During the same period Skull and Bones covertly took over the administration of Yale University, with the presidency of the school from that period forward turned over to a succession of illuminized Bonesmen. According to The Iconoclast (October 13, 1873),
"They have obtained control of Yale. Its business is performed by them. Money paid to the college must pass into their hands, and be subject to their will. No doubt they are worthy men in themselves, but the many whom they looked down upon while in college, cannot so far forget as to give money freely into their hands. Men in Wall Street complain that the college comes straight to them for help, instead of asking each graduate for his share. The reason is found in a remark made by one of Yale's and America's first men: 'Few will give but Bones men, and they care far more for their society than they do for the college.' The Woolsey Fund has but a struggling existence, for kindred reasons... Here, then, appears the true reason for Yale's poverty. She is controlled by a few men who shut themselves off from others, and assume to be their superiors..."
Gilman met with Frederick T. Gates, who ran Rockefeller's foundations, and he implored him to set up the Southern Educational Board, merging the Slater and Peabody funds. Gilman called the foundation the General Education Board—signaling his intentions. The organization was later renamed The Rockefeller Foundation. [2]
Gilman was the first president of Johns Hopkins University, and he carefully chose for the faculty members from the Skull and Bones and other groups of the Hegelian stripe. Among those was G. Stanley Hall, the first of Wundt's American students to make a mark. Hall's training in Leipzig was paid for by a loan from a member of Scroll & Key, sister society to Skull and Bones at Yale. In Leipzig, Hall immersed himself in Hegelian-inspired psychological studies taught by materialist psychologists like Hartmann, Helmholtz, and his greatest influence, Wundt. Returning to America in 1883, he took over the psychological laboratory at the new Johns Hopkins, and started the American Psychological Association and the American Journal of Psychology. According to Hall, "The psychology I taught was almost entirely experimental and covered for the most part the material that Wundt had set forth in the later and larger edition of Physiological Psychology." [3]
In 1889 Hall was chosen as the first president of the newly established Clark University in Worcester, Massachusetts. Hall was the mentor of one of the most influential names in American education of this century: John Dewey.
Dewey studied under Hall at Johns Hopkins, moving on to teach at the universities of Michigan and Minnesota. Another major influence upon Dewey was the Hegelian philosopher George Sylvester Morris, who had received his doctorate from the University of Berlin. According to Dewey, echoing the sentiments of his Prussian mentors,
"There is no god, and there is no soul. There are no needs for the props of traditional religion. "With dogma and creed excluded, then immutable truth is also dead and buried.
"There is no room for fixed, natural law or permanent moral absolutes." [4]

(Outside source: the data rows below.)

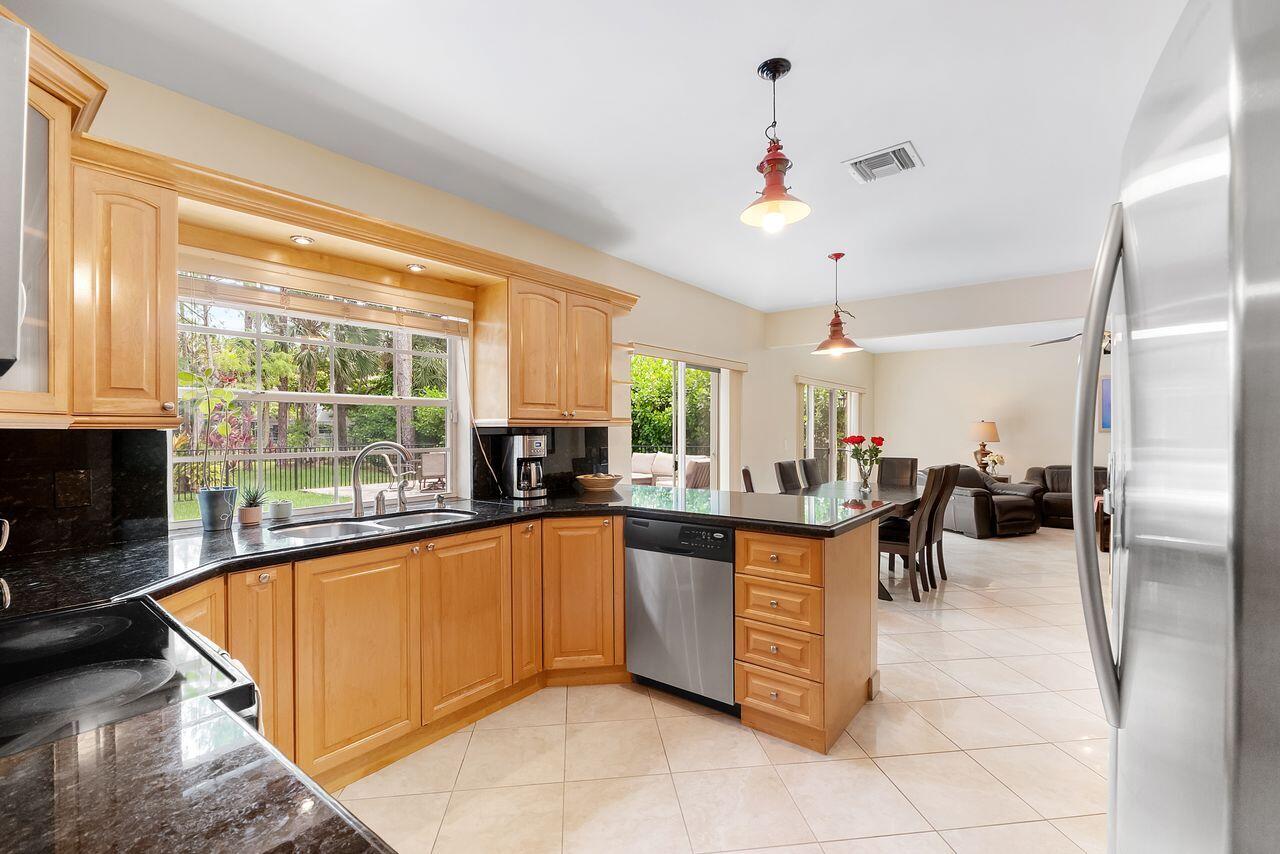 WOODSIDE ESTATES - Residential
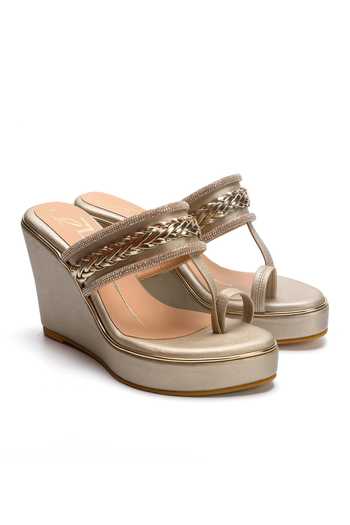 Nidhi Bhandari Swarovski Embellished Kolhapuri Wedges 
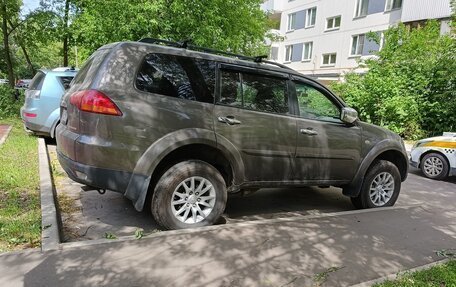 Mitsubishi Pajero Sport II рестайлинг, 2012 год, 1 999 999 рублей, 6 фотография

Dewey published the first American textbook on Hegelian philosophy as applied to the Wundtian psychological innovations in his book Psychology. In 1895 he joined the faculty at the Rockefeller-funded University of Chicago, heading the philosophy, psychology, and teaching departments, and establishing an education laboratory called the Dewey School, later known as the Laboratory School of the University of Chicago.
Dewey followed the Wundtian example in his insistence that education was not the teaching of mental skills such as reading and writing, but in the channeling of raw experiences to the evolving mind of the child; a sort of psychic Skinner's box version of education. The traditional role of the teacher as educator was replaced by the teacher as shrink, socializer, eugenicist and herald of the coming world superstate. Dewey believed that the purpose of public schools was to "take an active part in determining the social order of the future... according as the teachers align themselves with the newer forces making for social control of economic forces." [5]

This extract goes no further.